5 Ways To Leave Your Lover With Your iPhone

5 Ways To Leave Your Lover With Your iPhone


5 Ways To Leave Your Lover With Your iPhone

Relationships aren’t always easy and sometimes you have to just call it a day…but how? You don’t want a tearful goodbye, or a screaming row over who owns which cushion cover so do you just slip away and leave a note on your ex-lover’s pillow, hoping for the best? Paul Simon informed us that there are 50 Ways To Leave Your Lover in his cheesy but poignant paean to love lost and the best way to deal with the fallout. Well Paul, we can’t think of 50 ways to leave our lovers, (perhaps because we weren’t international pop-rock stars in the 70’s and 80’s and can’t be as blasé about who we hump and dump), but we can think of 5 good uses of the iPhone and its apps to leave your lover in style!

1. Write Them A Good Bye Song

For any lovelorn romantics out there who want to document your romance by putting it to music, you should pen a nice little ditty about why your love was doomed from the start and record it using FOURTRACK, an awesome music app that essentially features a recording studio on your iPhone. Just spare them any indulgent guitar solos…

Read the full review of FOURTRACK and start humming those lonesome melodies!

2. Record A Video Of You Cheating On Them

The polar opposite of writing them a love song and taking the gentlemanly way out would be to record a video on iMovie of you getting it on with someone else. This is disgraceful and in no way recommended, however it will guarantee a swift end to the relationship. Especially if it’s with their sister.

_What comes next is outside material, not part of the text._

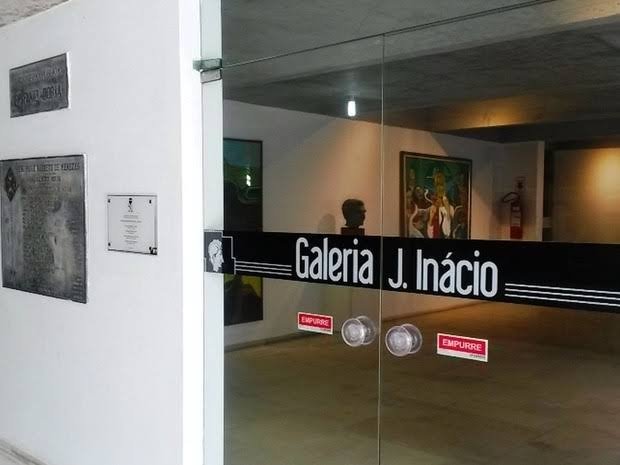 Galeria de Arte J. Inácio Celebra 42 Anos de Democracia Artística e Resiliência Cultural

Read the full review of iMovie in What Are the Best iPhone 4 Apps?, you dirty dog you.

3. Get So Fit That They Are Intimidated And Leave You

Studies have shown that couples often go for people of the same level of attractiveness as themselves. So, if you move up a couple of points by working out with iFitness then surely our partner will start to feel inferior and perhaps start looking around for someone who isn’t going to make them feel bad every time that they open the fridge door. Cruel, but effective.

Read the full review of iFitness and start pumping those guns and broadening your horizons!

4. Get So Fat That They Are Intimidated And Leave You

The alternative method to getting in shape is to get so out of shape that you scare off your partner with how unsightly you have become. Pile on the pounds with apps like How To Cook Everything and wait for your lover to bounce straight off you out of the door!

Check out 10 Best iPhone Apps For Food And Drink

5. Hop On A Plane And Get The Hell Out Of There!!!

The nuclear option. If enough is enough and you can’t stand the sight of your partner anymore then the best thing to do is get the hell out of Dodge. Use TripAdvisor to covertly plan your escape route and then slip away in the dead of night, ready to start the life that you always wanted!

Read 10 Best iPhone Apps For Travel for good advice on fleeing the country.

I should imagine that Paul Simon needed even more than 50 ways to escape his groupies when he was peddling this torch ballad for the serial monogamist around in the 80’s!